# Research: Adding Update Dates to Skills
**Date:** December 31, 2025
**Status:** Research Complete
**Scope:** Understanding current skill indexing architecture to implement update date tracking
---
## Executive Summary
This research analyzes the skill indexing infrastructure to determine the best approach for adding update date tracking. The codebase has a clear separation of concerns:
1. **Skill Model** (`src/mcp_skills/models/skill.py`) - Defines skill structure
2. **Skill Manager** (`src/mcp_skills/services/skill_manager.py`) - Loads and caches skills
3. **Indexing Engine** (`src/mcp_skills/services/indexing/engine.py`) - Orchestrates indexing
4. **Vector Store** (`src/mcp_skills/services/indexing/vector_store.py`) - ChromaDB integration
**Recommendation:** Add `updated_at` field to the `Skill` dataclass and store as ChromaDB metadata. Use file mtime as the source (simpler) with optional git commit date enhancement for future releases.
---
## Current Architecture
### 1. Skill Model Structure
**File:** `/Users/masa/Projects/mcp-skillset/src/mcp_skills/models/skill.py`
Current `Skill` dataclass fields:
- `id`: Unique skill identifier (format: `{repo_id}/{skill_path}`)
- `name`: Skill name
- `description`: Short description
- `instructions`: Full skill instructions (markdown)
- `category`: Skill category (testing, debugging, refactoring, etc.)
- `tags`: List of tags
- `dependencies`: List of skill IDs this depends on
- `examples`: List of example usage scenarios
- `file_path`: Path to SKILL.md file (Python `Path` object)
- `repo_id`: Repository identifier
- `version`: Optional version string
- `author`: Optional author information
**Status:** No date fields currently tracked.
### 2. Skill Manager (Discovery and Loading)
**File:** `/Users/masa/Projects/mcp-skillset/src/mcp_skills/services/skill_manager.py`
Key methods:
- `discover_skills()`: Walks directory tree to find all SKILL.md files
- `load_skill()`: Loads skill from disk with in-memory caching
- `get_skill_metadata()`: Fast metadata extraction from YAML frontmatter
- `_parse_skill_file()`: Creates Skill object from file content
**Important:** The `_parse_skill_file()` method (line 429):
1. Reads file content using `file_path.read_text(encoding="utf-8")`
2. Splits frontmatter and instructions
3. Validates with Pydantic models (`SkillModel`)

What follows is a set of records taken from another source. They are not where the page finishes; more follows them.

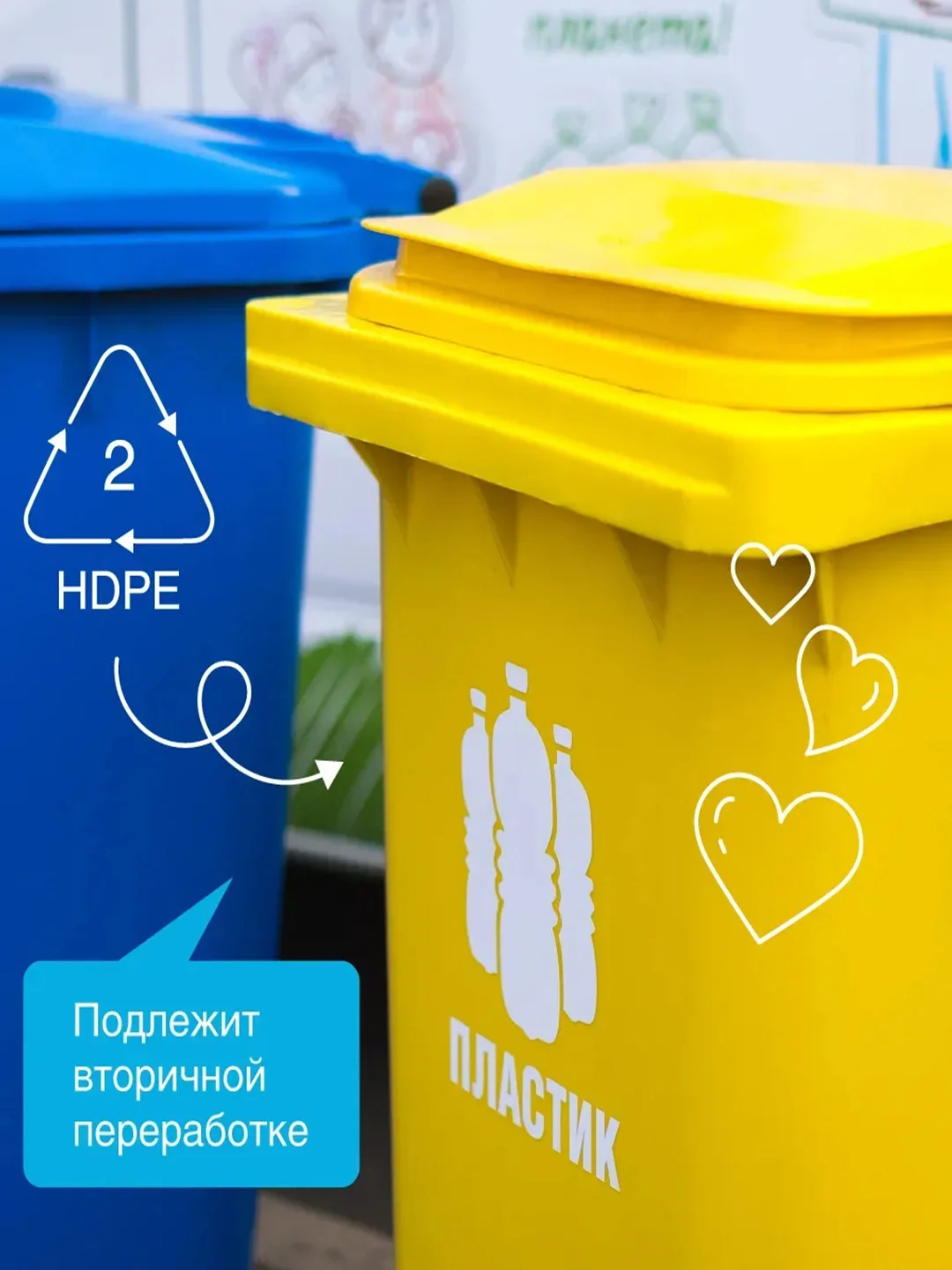 Средство от засоров SYNERGETIC концентрированное, с дезинфицирующим эффектом, 1 л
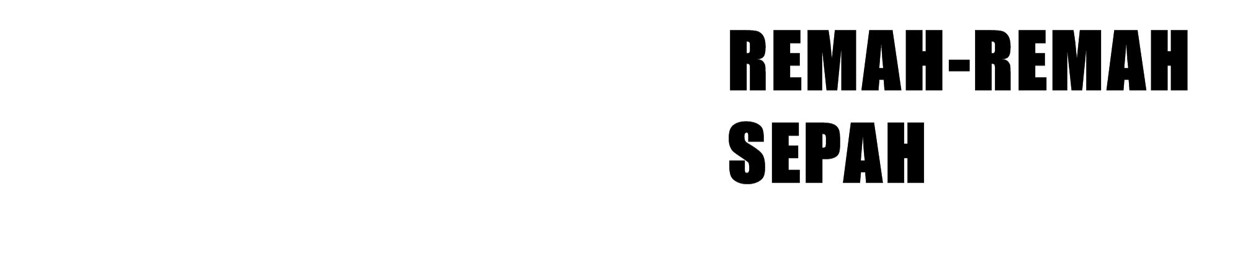 Podcast Orang Doeloe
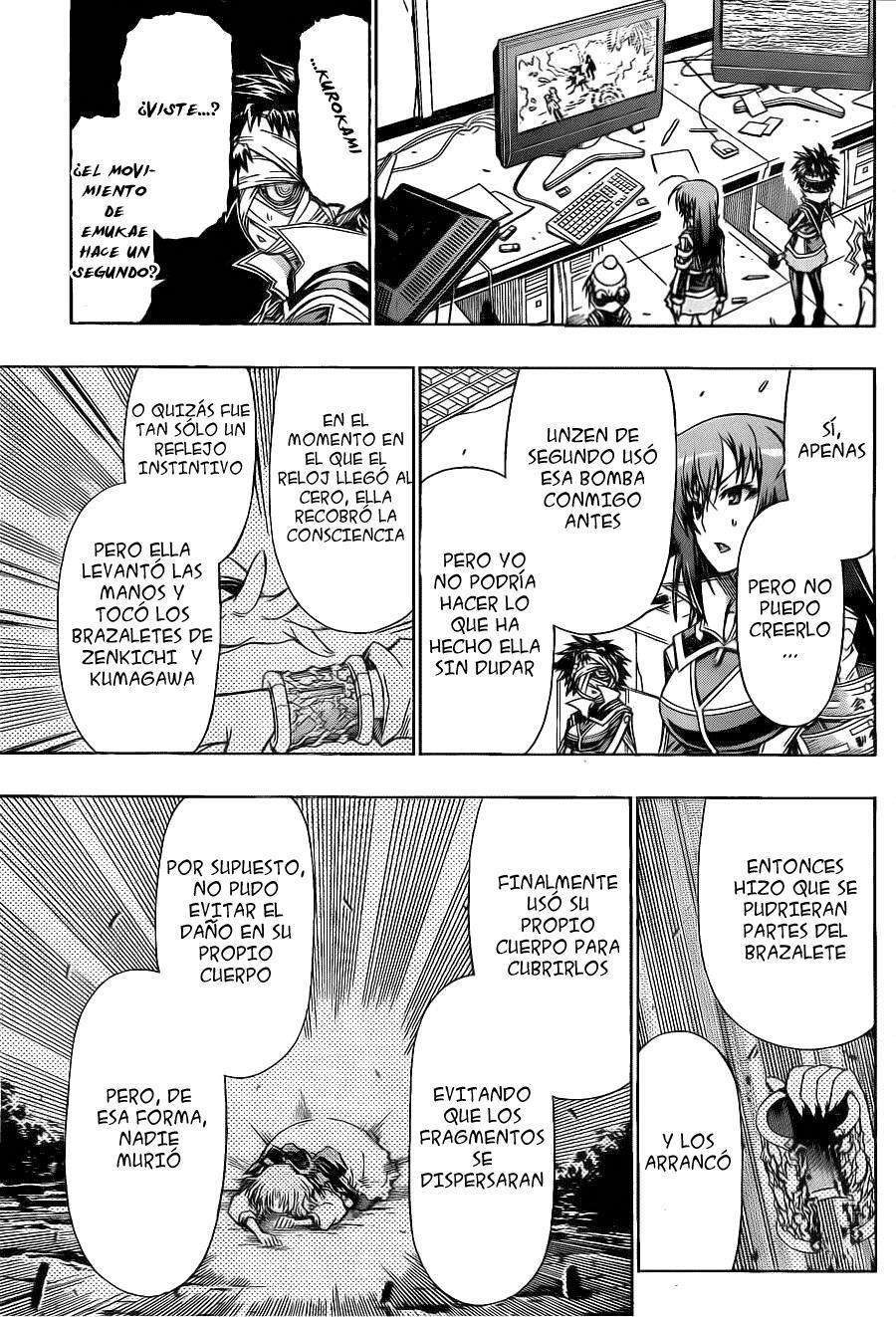 Capitulo 83 page 4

4. Creates Skill dataclass instance
**Access to file mtime:** Possible via `file_path.stat().st_mtime` when Skill object is created.
### 3. Indexing Engine (Orchestration)
**File:** `/Users/masa/Projects/mcp-skillset/src/mcp_skills/services/indexing/engine.py`
Key methods:
- `index_skill()`: Adds skill to vector store and knowledge graph
- `reindex_all()`: Rebuilds indices from scratch
- `build_embeddings()`: Delegates to VectorStore
- `extract_relationships()`: Delegates to GraphStore
Flow:
1. SkillManager discovers/loads skills
2. IndexingEngine receives Skill objects
3. Calls `vector_store.index_skill()` with Skill object
4. Calls `graph_store.add_skill()` with Skill object
### 4. Vector Store (ChromaDB Integration)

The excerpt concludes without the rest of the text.